(Entries supplied begins)

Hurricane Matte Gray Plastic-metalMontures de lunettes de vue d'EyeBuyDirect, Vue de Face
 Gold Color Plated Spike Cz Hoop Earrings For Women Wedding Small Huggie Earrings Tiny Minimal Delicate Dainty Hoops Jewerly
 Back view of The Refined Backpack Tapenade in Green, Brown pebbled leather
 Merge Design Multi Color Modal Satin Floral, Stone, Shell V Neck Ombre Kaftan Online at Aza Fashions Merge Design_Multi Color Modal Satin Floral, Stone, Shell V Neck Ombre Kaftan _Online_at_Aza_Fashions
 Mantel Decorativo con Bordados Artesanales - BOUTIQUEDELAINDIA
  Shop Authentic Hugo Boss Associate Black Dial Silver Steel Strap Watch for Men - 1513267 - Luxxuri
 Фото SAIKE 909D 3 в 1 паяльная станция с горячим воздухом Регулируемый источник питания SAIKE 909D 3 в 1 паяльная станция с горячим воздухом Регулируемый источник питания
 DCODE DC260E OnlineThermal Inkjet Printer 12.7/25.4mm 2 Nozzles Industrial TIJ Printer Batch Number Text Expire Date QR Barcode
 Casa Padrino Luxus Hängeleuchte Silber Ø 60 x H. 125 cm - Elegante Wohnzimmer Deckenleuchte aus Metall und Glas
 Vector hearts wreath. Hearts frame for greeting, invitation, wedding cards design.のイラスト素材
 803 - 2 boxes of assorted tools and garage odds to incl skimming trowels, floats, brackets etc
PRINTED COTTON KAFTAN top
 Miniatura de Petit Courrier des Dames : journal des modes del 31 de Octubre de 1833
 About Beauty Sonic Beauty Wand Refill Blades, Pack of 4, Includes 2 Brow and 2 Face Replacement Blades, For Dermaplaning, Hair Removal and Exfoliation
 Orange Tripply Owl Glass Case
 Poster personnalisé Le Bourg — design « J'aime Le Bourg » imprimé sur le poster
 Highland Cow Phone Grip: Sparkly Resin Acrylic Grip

(Entries supplied ends)

Output, unchanged, only the lines from the one that holds "Orange Tripply Owl Glass Case" through the last line of the material above.

 Orange Tripply Owl Glass Case
 Poster personnalisé Le Bourg — design « J'aime Le Bourg » imprimé sur le poster
 Highland Cow Phone Grip: Sparkly Resin Acrylic Grip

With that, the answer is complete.